El cambio de cumplido entre Daria Alexándrovna y la princesa fue bastante frío; Sviyazhski preguntó por su amigo Lievin, el original, y por su joven esposa; y después de dirigir una mirada al vetusto coche vacío, ofreció el tílburi a las damas.

—Tomaré este vehículo para volver —dijo—, y la princesa lo llevará, pues sabe conducir muy bien.

—No —replicó Anna—, quédese usted donde está y yo iré con Dolli.

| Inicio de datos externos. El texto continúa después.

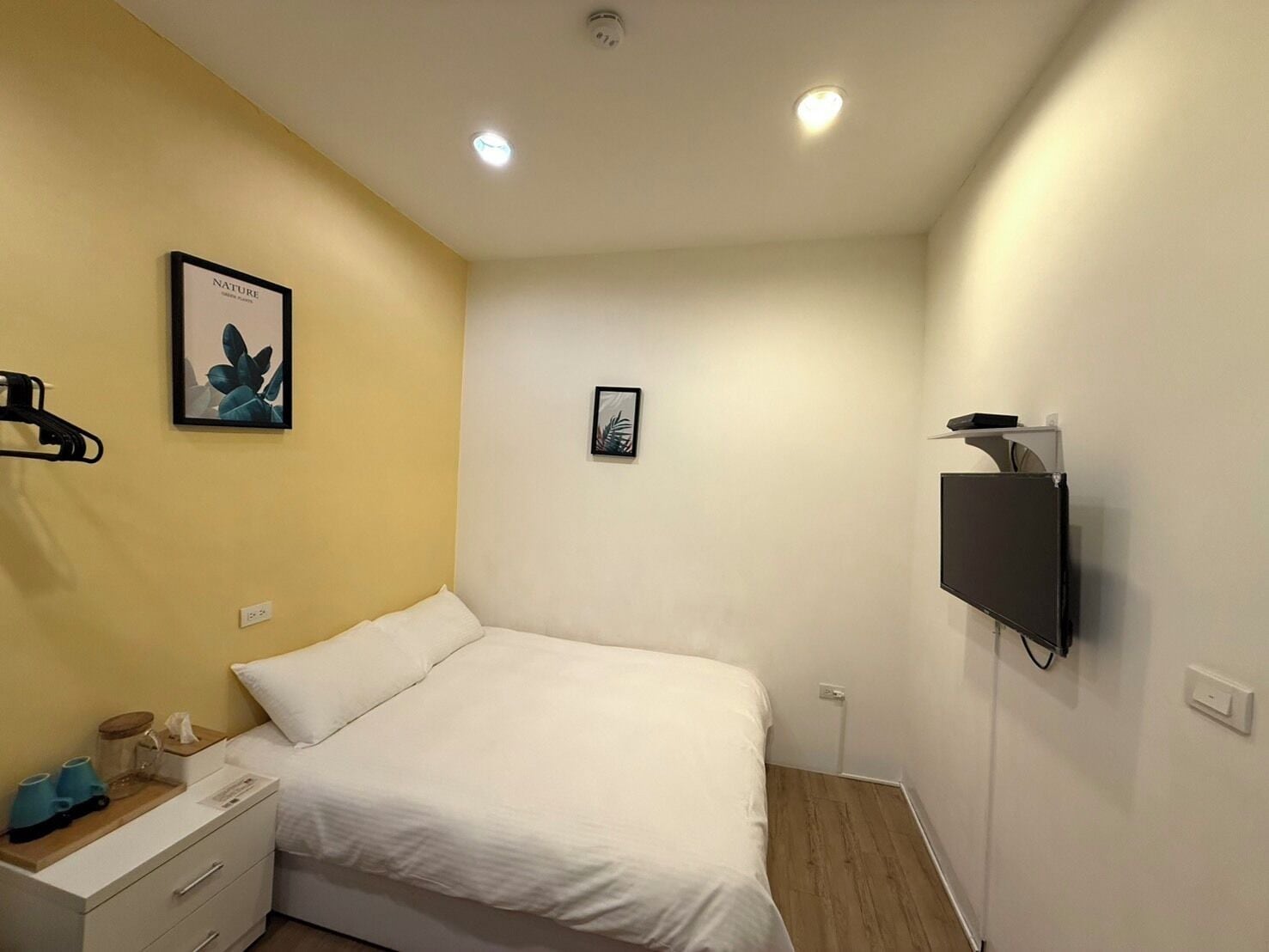 Une chambre d’hôtel comprenant un lit, une table de chevet, un téléviseur fixé au mur et deux appliques murales.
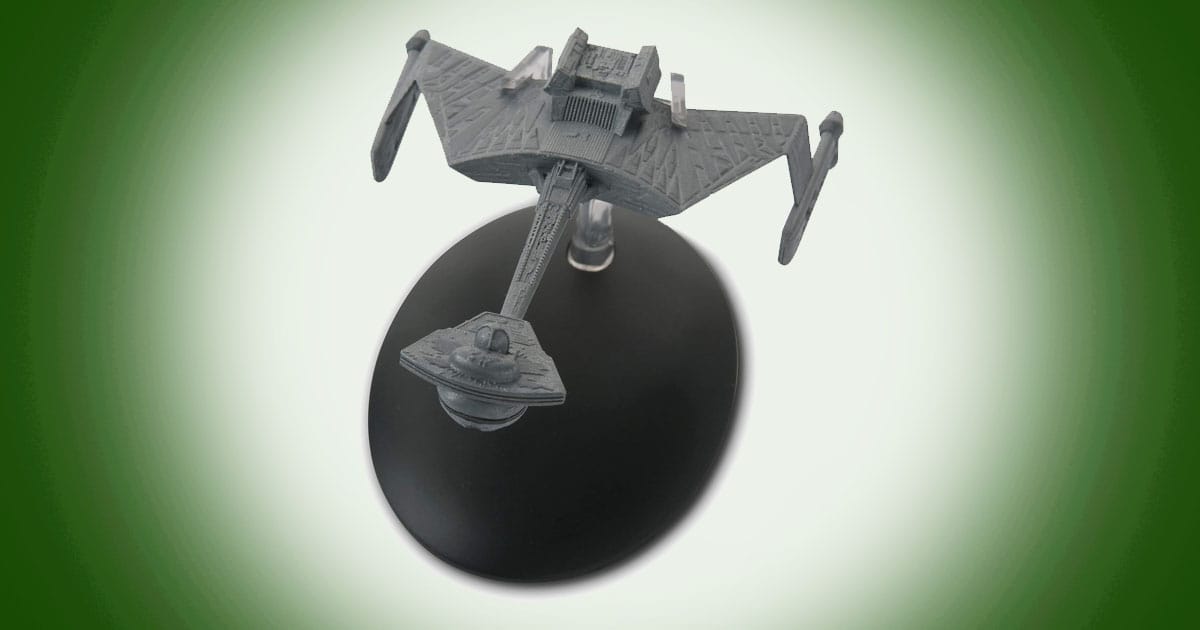 Model of K’t’inga-class Klingon battle cruiser from Star Trek with long forward hull and angular wings mounted on a display stand.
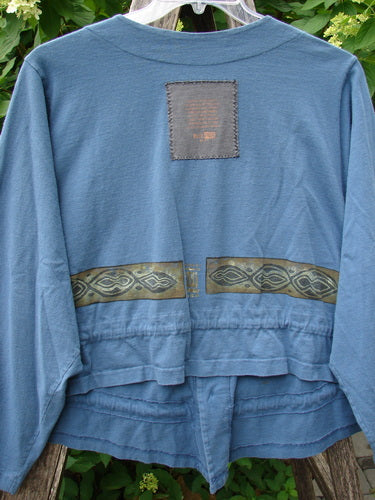 1997 Treehouse Jacket Greek Column Blueprint Size 2 features a back patch, Celtic-style decorative bands, and a flounced hem. It's a lightweight, artisan piece in mid-weight organic cotton from Bluefishfinder.com.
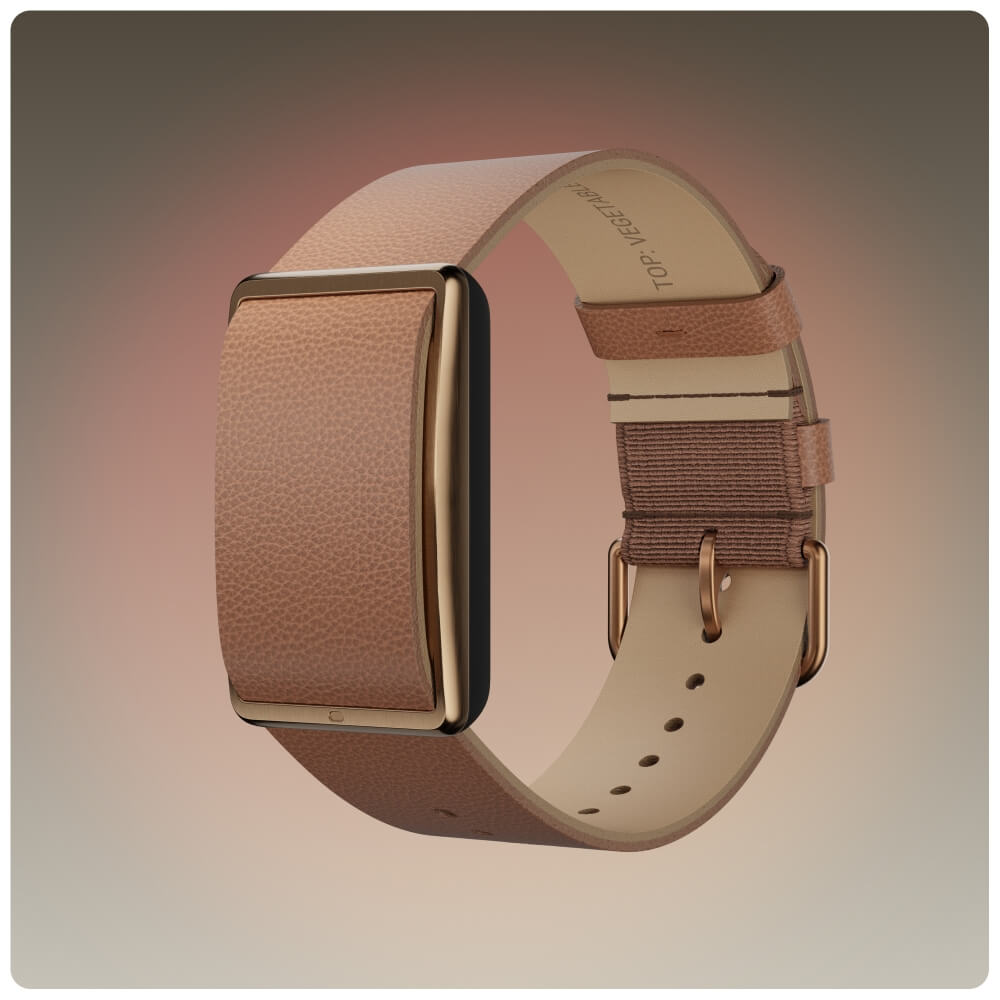Produktbild des POLAR Loop Fitness Trackers mit braunem Echtlederarmband im Profil. Gut sichtbar sind die feine Narbenstruktur des Leders, das goldfarbene Gehäuse und die klassische Dornschnalle mit Lederschlaufen.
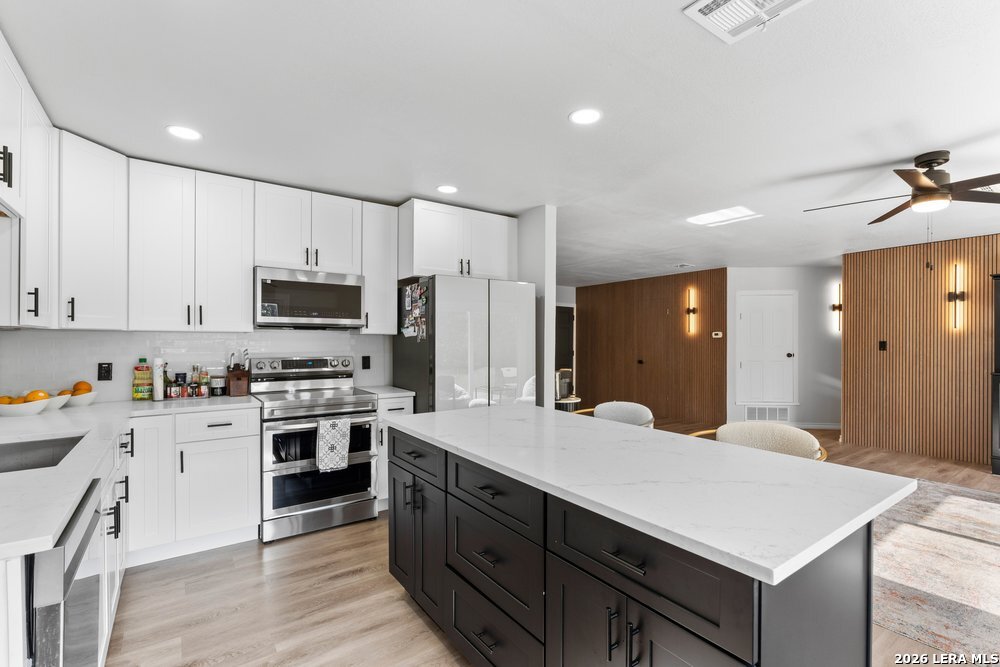 9823 John Rolfe Dr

Jamás Daria Alexándrovna había visto un tren tan brillante; pero lo que más la admiró fue la especie de transfiguración de Anna, que tal vez no hubieran notado ojos menos cariñosos y observadores que los suyos; para ella, en Anna resplandecía el brillo de esa belleza pasajera, por la cual la mujer tiene la certidumbre de ser amada; toda su persona, desde los hoyuelos de sus mejillas y el pliegue de sus labios hasta el sonido de su voz, respiraba una seducción que la misma Anna no desconocía.

Las dos mujeres experimentaron un momento de timidez cuando estuvieron solas; Anna sentía, sin verla, la mirada interrogadora de Dolli, mientras que esta última, recordando la reflexión de Sviyazhski, estaba confusa por la pobreza de su carruaje. Los hombres que iban en el pescante participaban de esta impresión; pero Filip, el cochero, resuelto a protestar, sonrió irónicamente al examinar el trotón negro del tílburi. «Ese cuadrúpedo —pensó— podrá ser bueno para el paseo, pero no sería capaz de recorrer cuarenta verstas en un día de calor.»

Los campesinos abandonaron sus carros para contemplar el encuentro de los amigos.

—Me parece que se alegran mucho de verse —observó el viejecillo.

—Mira esa mujer con pantalones —dijo otro, señalando a Veslovski, que montaba en silla de mujer.

—No, es un hombre.

—Muchachos, ¿no dormiremos más?

—No —contestó el anciano, mirando el cielo—; ha pasado ya la hora; vamos a trabajar.